Cidade universitária (a mais antiga do mundo, dizem), Bolonha prima pelo bom ambiente, cultura e património. Além do mais, tem uma gastronomia incrível! Vinhos da região, queijos, a famosa mortadela, as massas (com destaque para os tortellini), os molhos (entre eles, o ragu) e as sobremesas…prepare-se: é mesmo de comer e chorar por mais!

Saindo da estação de comboio, seguimos até à Praça XX Settembre, onde se ergue a Porta Galliera (século XIV), que deve o seu nome à antiga fortaleza Galliera existente. Da fortaleza restam apenas vestígios. Ao lado, sobressai a escadaria do Jardim de la Montagnola, de acesso ao parque localizado na Via Independenza. Além de espaços verdes e trilhos pedestres, vislumbra-se uma fonte (por acaso, na altura em que fomos, estava em manutenção) decorada por esculturas lindíssimas. Cruzamo-nos com uma feira de velharias e, mais à frente, uma verdadeira feira com tudo e mais alguma coisa.

Na Via Piella, procuramos a Porta Govese (século XII), parte do segundo círculo de muralhas da cidade. Naquela artéria, junto a uma janela amontoam-se turistas para tirar fotografias. Da janela vê-se o canal de Moline, um dos cinco canais que atravessam Bolonha. Do outro lado da Via Piella, vê-se a ponte sobre o canal e um portão carregadinho de cadeados.

Percorre-se facilmente o centro histórico de Bolonha. Ao longo do percurso, vamos passando por vários pórticos, um símbolo da arquitetura da cidade presente desde o século XII em toda a cidade.

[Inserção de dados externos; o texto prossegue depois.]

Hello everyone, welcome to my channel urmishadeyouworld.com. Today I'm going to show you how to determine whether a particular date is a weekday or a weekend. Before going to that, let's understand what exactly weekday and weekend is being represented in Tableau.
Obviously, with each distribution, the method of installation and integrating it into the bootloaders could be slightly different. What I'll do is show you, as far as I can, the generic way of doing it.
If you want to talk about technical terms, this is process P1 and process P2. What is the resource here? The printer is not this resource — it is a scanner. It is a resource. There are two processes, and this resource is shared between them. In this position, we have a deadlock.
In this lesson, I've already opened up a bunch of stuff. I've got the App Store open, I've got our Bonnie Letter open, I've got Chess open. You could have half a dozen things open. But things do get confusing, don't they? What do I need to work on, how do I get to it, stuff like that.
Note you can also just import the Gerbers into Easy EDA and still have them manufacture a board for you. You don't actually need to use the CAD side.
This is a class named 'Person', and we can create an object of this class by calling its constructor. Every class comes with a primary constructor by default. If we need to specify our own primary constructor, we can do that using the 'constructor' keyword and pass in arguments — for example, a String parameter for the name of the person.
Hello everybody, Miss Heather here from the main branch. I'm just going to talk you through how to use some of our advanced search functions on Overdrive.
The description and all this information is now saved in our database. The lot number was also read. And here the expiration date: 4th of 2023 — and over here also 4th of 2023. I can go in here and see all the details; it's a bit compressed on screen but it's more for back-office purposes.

Albergam a passagem por ruas mais procuradas pelo comércio e turismo.

Chegamos ao coração de Bolonha, a Piazza Maggiore, cuja origem remonta ao século XII. Aqui se encontram os principais edifícios históricos e monumentos da cidade, como a Fonte de Neptuno (século XVI), a Torre do Relógio do Palazzo Accursi (século XIII), o Palazzo Re Enzo (século XIII), o Palazzo del Podestá (século XII) ou a Basílica de S. Petrónio (século XIV).

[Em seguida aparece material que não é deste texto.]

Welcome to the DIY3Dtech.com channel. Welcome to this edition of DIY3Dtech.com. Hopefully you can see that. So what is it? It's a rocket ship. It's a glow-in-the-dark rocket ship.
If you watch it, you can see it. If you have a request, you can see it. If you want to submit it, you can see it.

Tivemos a oportunidade de assistir à projeção de uma ópera numa tela gigante instalada na Piazza Maggiore. Durante o verão, existe uma programação cultural regular neste espaço. As noites – quentes – proporcionam momentos destes ao ar livre.

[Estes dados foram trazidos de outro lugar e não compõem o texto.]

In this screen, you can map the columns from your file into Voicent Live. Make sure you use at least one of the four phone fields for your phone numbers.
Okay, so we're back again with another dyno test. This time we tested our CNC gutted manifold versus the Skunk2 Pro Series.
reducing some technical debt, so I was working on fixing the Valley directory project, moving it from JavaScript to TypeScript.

Continuamos o nosso passeio até à Piazza di Porta Ravegagna onde se situam as torres Asinelli e Garisenda, símbolos de Bolonha.

A torre Asinelli é a única que está aberta ao público. Construída no século XII, tem 97,2 metros de altura. É possível subir os 498 degraus e apreciar a vista incrível para a cidade.

Já a torre Garisenda, construída no mesmo século, tem cerca de 47 metros de altura e está ligeiramente inclinada devido a problemas nas suas fundações.

Seguimos até à Piazza della Mercanzia, onde, no século XIV, foi construído o Palazzo della Mercanzia que alberga a Câmara do Comércio.

Mais à frente, surge o Complexo Santo Estevão, conhecido pelas sete igrejas de diferentes eras, das quais se destacam as do Crucifixo, Santo Sepulcro, Calvário, Santos Vital e Agrícola, e Trindade.

Na rua, proliferam as esplanadas e as gelatarias. E gente, muita gente!

Adoramos Bolonha! É uma cidade perfeita para escapadinhas.